Türkiye’nin Avrupa’ya açılan önemli sınır kapılarından Dereköy Sınır Kapısı’na da sahip Kırklareli’ne gittiğinizde ilk durağınız, tabii ki Avrupa’nın en büyük subasar ormanı olan İğneada Longoz Ormanları olacak. Özellikle ilkbahar ve yaz aylarında yeşilin her tonunu görebileceğiniz bu ormanlar, 2007 yılında milli park ilan edilmiş. Parkın güney bölümünde; Saka Gölü, Deniz Gölü, Hamam Gölü, Pedina Gölü, Mert Gölü ve bu göllerin etrafındaki sazlık alanlar, longoz ormanları ve yaprak döken ormanlar; kuzey bölümünde ise Erikli gölü ve çevresindeki longoz ormanları bulunuyor. Aynı zamanda göçmen kuşlar için de büyük önem taşıyan Mert Gölü, bu ormanlar içerisindeki en büyük sulak alanı oluşturuyor. İğneada Longoz Ormanları’nın orman ekosisteminin bu büyüklükte ve güzellikte bir örneğinin daha olmadığını da hatırlatalım. Mert Gölü’nde kanoyla ya da doğa yürüyüşlerine katılarak, tertemiz havasını içinize çekip bu muhteşem doğal hazinenin özgün seslerini dinlemelisiniz.
Hazır İğneada’ya gelmişken; Sivriler Köyü, Çatalarmut mevkiinde Cenevizlilere ait kale kalıntılarını; Hamam Gölü ile Bulanık Dere’nin döküldüğü yerde bulunan Aypolos bölgesindeki tümülüsleri, höyükleri ve tarihi bina kalıntılarını da görebilirsiniz. Ayrıca İğneada açıklarında çok sayıda tarihi gemi batığının da olduğunu belirtelim.
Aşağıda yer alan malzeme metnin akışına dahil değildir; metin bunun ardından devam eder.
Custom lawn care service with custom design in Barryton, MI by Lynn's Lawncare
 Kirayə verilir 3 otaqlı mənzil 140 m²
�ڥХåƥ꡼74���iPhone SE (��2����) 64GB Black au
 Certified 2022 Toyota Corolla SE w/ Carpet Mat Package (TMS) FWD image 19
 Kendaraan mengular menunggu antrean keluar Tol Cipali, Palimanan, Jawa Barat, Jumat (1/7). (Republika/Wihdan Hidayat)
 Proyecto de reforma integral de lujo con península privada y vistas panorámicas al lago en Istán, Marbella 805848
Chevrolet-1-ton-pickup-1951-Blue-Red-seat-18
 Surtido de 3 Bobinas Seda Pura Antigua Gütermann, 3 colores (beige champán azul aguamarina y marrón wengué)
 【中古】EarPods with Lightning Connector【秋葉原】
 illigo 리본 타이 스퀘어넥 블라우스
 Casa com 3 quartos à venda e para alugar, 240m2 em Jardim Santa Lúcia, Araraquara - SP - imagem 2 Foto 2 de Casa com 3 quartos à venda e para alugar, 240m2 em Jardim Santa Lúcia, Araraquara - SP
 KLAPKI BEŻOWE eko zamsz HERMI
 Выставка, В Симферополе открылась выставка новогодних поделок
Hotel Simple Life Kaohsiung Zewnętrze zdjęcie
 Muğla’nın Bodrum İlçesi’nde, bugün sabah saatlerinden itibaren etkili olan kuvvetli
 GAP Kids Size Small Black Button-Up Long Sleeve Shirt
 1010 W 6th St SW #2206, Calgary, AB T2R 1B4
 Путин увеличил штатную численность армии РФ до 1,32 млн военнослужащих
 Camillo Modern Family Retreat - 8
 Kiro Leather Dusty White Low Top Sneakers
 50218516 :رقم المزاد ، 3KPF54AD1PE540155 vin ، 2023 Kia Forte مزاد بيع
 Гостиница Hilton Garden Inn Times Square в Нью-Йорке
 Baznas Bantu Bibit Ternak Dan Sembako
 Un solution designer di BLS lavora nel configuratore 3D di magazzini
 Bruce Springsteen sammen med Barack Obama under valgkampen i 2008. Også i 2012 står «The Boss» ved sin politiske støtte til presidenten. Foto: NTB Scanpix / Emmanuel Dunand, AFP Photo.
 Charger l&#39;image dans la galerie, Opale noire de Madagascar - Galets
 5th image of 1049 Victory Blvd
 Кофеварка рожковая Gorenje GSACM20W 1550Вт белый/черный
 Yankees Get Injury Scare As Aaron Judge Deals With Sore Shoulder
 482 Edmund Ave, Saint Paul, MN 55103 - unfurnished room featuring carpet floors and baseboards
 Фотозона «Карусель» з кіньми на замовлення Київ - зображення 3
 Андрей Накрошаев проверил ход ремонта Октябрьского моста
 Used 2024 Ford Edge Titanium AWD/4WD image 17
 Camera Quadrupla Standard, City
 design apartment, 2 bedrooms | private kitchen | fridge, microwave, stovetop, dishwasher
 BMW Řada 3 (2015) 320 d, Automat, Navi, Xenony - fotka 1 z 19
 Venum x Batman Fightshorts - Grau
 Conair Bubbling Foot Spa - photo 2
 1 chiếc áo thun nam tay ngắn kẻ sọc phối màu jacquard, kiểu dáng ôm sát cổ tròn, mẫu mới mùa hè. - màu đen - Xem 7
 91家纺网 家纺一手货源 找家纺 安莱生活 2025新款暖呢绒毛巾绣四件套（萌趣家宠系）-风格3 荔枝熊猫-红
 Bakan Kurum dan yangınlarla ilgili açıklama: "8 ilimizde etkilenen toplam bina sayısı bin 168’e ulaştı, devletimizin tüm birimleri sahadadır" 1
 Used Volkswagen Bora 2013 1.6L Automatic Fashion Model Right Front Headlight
Aynı zamanda doğal güzellikleri ve plajıyla da uğrak yeri olan Kıyıköy’de bulunan Aya Nikola Manastırı; Bizans İmparatoru Jüstinyen tarafından yaptırılmış. Dünyanın en eski taş oyma manastırlarından olan bu manastırı ve yine İmparator Jüstinyen tarafından inşa edilmiş Kıyıköy Kalesi’ni gezilecekler listenize mutlaka eklemelisiniz. Tabii bir de Kıyıköy Plajı’ndan denize girip ardından, meşhur Aşıklar Tepesi’nde durup doyumsuz manzarasını da izlemelisiniz.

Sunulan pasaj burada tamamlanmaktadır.